Another idea is one that's been broadly discussed, public financing.  Depending on the office and the state, public financing, or partial financing, is already in place, and the dire consequences predicted by those who have wanted corporations to have the sole role in determining who can have the dough have proven to be unfounded.  In some ways 100% public financing for all federal offices would probably end up looking quite a lot like the previous solution.  There would have to be more access to the media than any reasonable amount of tax dollars might buy.  In fact, I'd suggest that if you're anxious to sell this idea, sell it as a requirement that a broadcast license requires X number of hours of air time for each candidate.  That way, it can be done without running afoul of the "I'm not paying for them to put ads on TV" crowd.  You might even institute a "cap and trade" system, giving each candidate a chance to wrangle with other campaigns in selecting the best time and location for the ads.

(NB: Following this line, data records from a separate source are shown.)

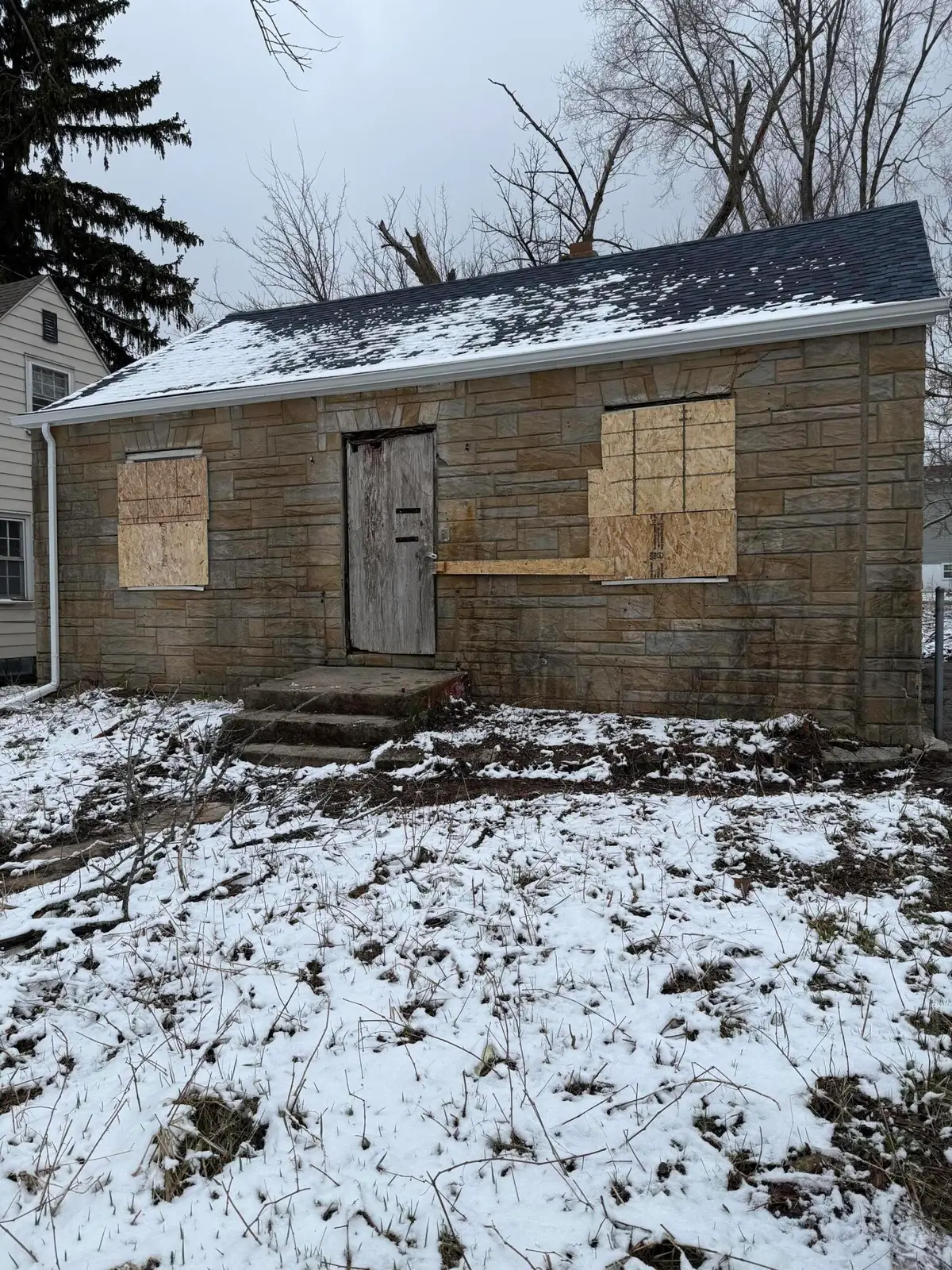 908 E 44th Avenue, Gary, IN 46409 - #1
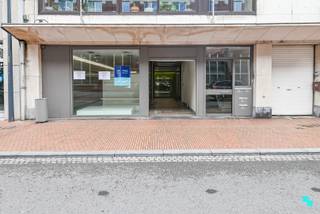 Dit bemeubeld handelspand met een bruikbare vloeroppervlakte van ca. 208 m² (volgens EPC-attest) is gelegen op een uiterst commerciële ligging in centrum Izegem. Deze handelsruimte is gelegen op een toplocatie beschikkende over een uitstekende visibiliteit, alsook een vlotte bereikbaarheid dankzij de nabijheid van de Rijksweg en het op- en afrittencomplex E403. Indeling: ruime ingerichte winkelruimte voorzien van de nodige verplaatsbare rekken en doorlopende etalage, paskamer en apart toilet. Verder beschikt het pand over twee grote stockageruimtes waarvan één voorzien van bar voor het ophangen van eventuele kledij en een kitchenette. Verwarming op aardgas | Voorzien van airco | Dubbel glas | Videofoon | Ingericht met verplaatsbare rekken | Parkeermogelijkheid in de straat | Onroerende voorheffing ten laste van de huurder (ca. 1465 EUR)| Voorschot gas en water: 150 EUR/maand | Onmiddellijk beschikbaar | EPC-label B. Contacteer ons voor meer informatie. 051 67 67 57 www.bordes.be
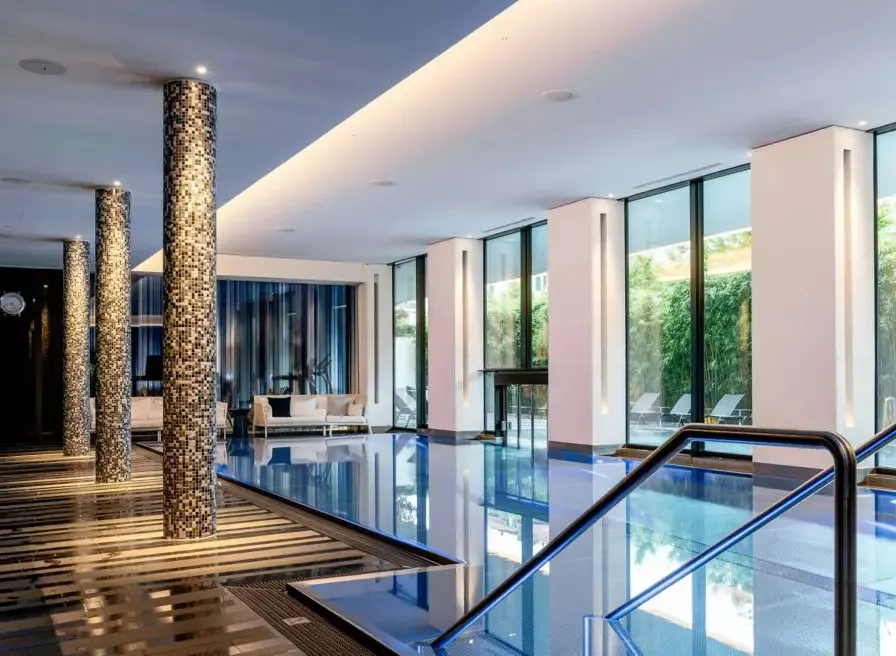 La piscina interna della Spa du Royal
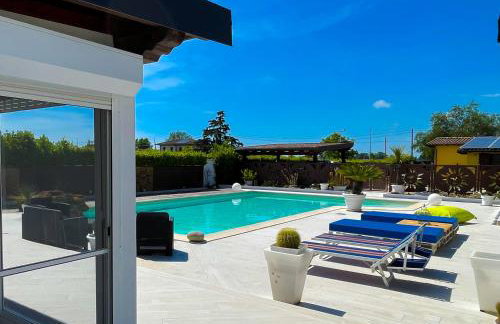 VILLA A CASA DI BETTY - Spacious & Bright Apartment with Private POOL - An Oasis of Peace to relax and recharge - Foto 11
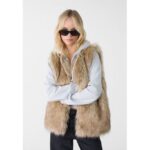 Bild von Stradivarius Weste aus Kunstfell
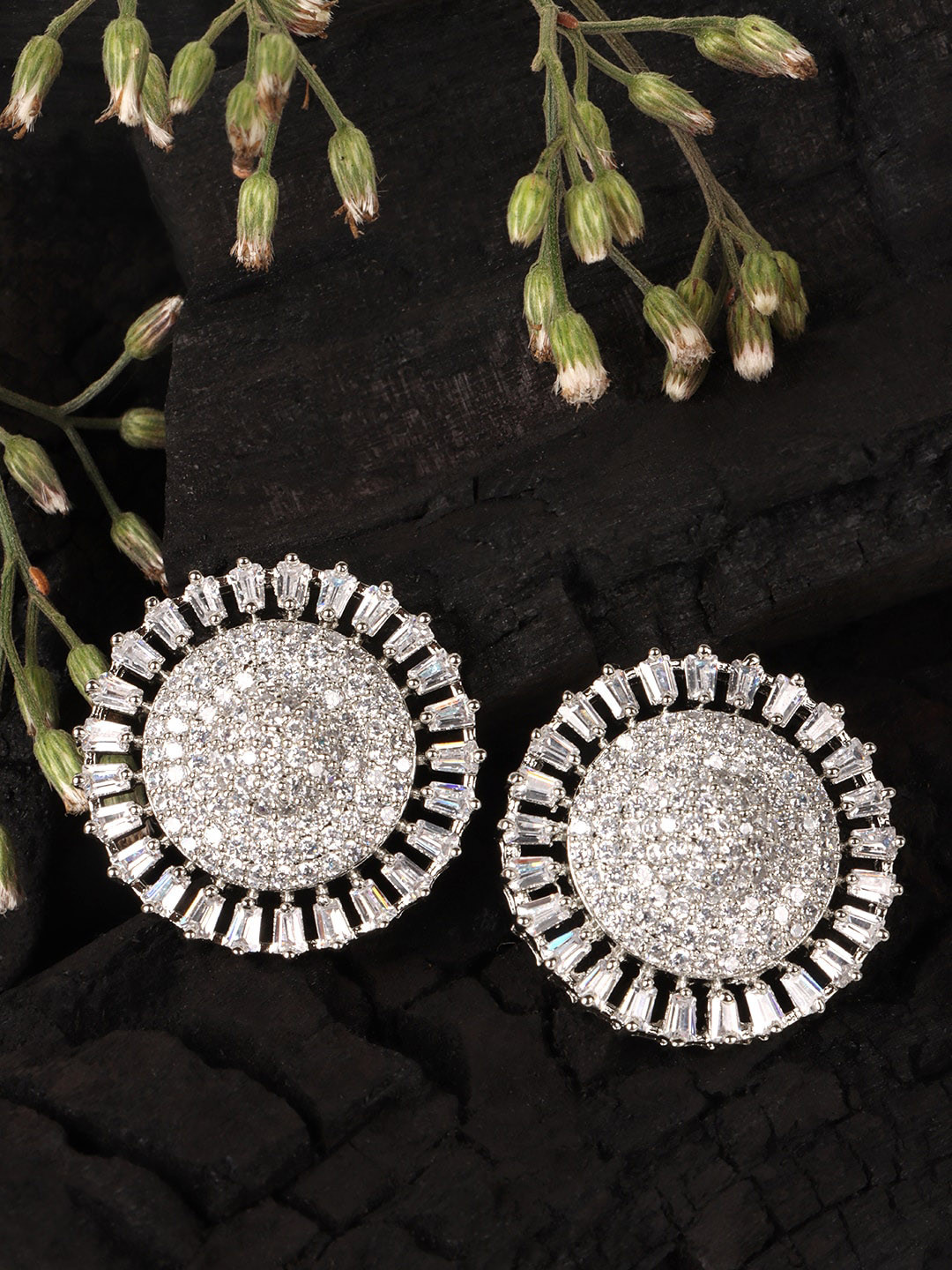 Myntra earrings studs clearance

Here's another idea, one that I've proposed before, but which last time I couched in allusions that managed to offend even folks who might otherwise have supported the idea.  The idea is this: let candidates campaign through charity.  Candidates can raise all the funds they want, but instead of spending fifty or a hundred thousand dollars on a television ad, let a candidate give that same money to a charitable organization. Candidates will get publicity through these charitable acts, demonstrate their positions in their choices, and hey, the charities get some funding.  If candidates want to make a speech as they hand over the check, let them.  The best thing about this idea is that it can be done through phases.  Start out with a requirement that 10% of all campaign funds be given to charity.  In 2006 alone, that would have meant about $300 million went into the bank for people who really need it, instead being turned into electronic attacks.  Worried that candidates might give to charities that reinforce their own ideas?  Let them.  Heck, let them race to give away more money than required.  I'll cheer, and so will the people waiting at badly under-funded charities.  Turn the two candidates into charitable fundraisers-in-chief of their parties and the moral voice for their positions.  Let them turn their gifts of leadership and charisma into a means of providing for those in need.  Maybe they won't agree on who needs the money the most.  Good, because I don't expect them to.

Even if it's not a requirement for 2008, let's make it an expectation.  Let's challenge every candidate to spend 10% of their funds on charitable giving rather than advertising.  

In another hour, I'm going to shower and drag myself to the front lines.  Footsore and nursing a migraine, I'll be back out there knocking on doors and handing out material.  

But I'd very much appreciate any ideas on how we can end this system.